On 7/17/15 9:46 PM, Rhorer, Leslie wrote:
> I have a 24T XFS file system that is very sick, and seemingly getting
> sicker. I believe it to be the file system itself. I have replaced
> the RAID chassis, the OS, the cables, the drive controller, and most
> of the drives. Re-syncing the RAID array complete in a reasonable
> time, given the size of the array, and reports no mismatches.
> Xfs_repair completes, usually with no errors found, or sometimes one
> or two errors. Some commands, like a df, are now hanging. Writes are
> often failing with I/O errors. I haven't found any amount of obvious
> file corruption, but performing a CRC check using md5sum, md6sum,
> sha256sum, etc., come up with different values every time they are
> run on many large files.
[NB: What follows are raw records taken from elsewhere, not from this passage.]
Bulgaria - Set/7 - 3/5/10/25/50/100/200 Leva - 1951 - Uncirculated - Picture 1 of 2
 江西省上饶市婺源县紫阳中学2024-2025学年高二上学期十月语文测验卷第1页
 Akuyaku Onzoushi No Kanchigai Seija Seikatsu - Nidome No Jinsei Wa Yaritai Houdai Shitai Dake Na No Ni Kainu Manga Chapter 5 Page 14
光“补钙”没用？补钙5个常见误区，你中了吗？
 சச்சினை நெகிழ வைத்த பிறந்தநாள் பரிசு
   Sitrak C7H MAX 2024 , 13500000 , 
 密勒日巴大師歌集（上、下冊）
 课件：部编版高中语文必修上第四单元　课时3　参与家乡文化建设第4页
What can I do to try to rectify this?
If writes fail with I/O errors, that should show up in dmesg, but I don't
see any such messages.
What did repair find?
Not a lot to go on from the above narrative, I'm afraid. What large
files are those? I presume that you are sure they should not be changing?
Thanks for all the info below...
>From the dmesg, every stuck process is stuck on nfs - doesn't look xfs
related at all.
Doesn't seem like an xfs problem, TBH, but maybe you can provide xfs_repair
output and/or dmesg when writes fail, that might offer a clue.
-Eric
|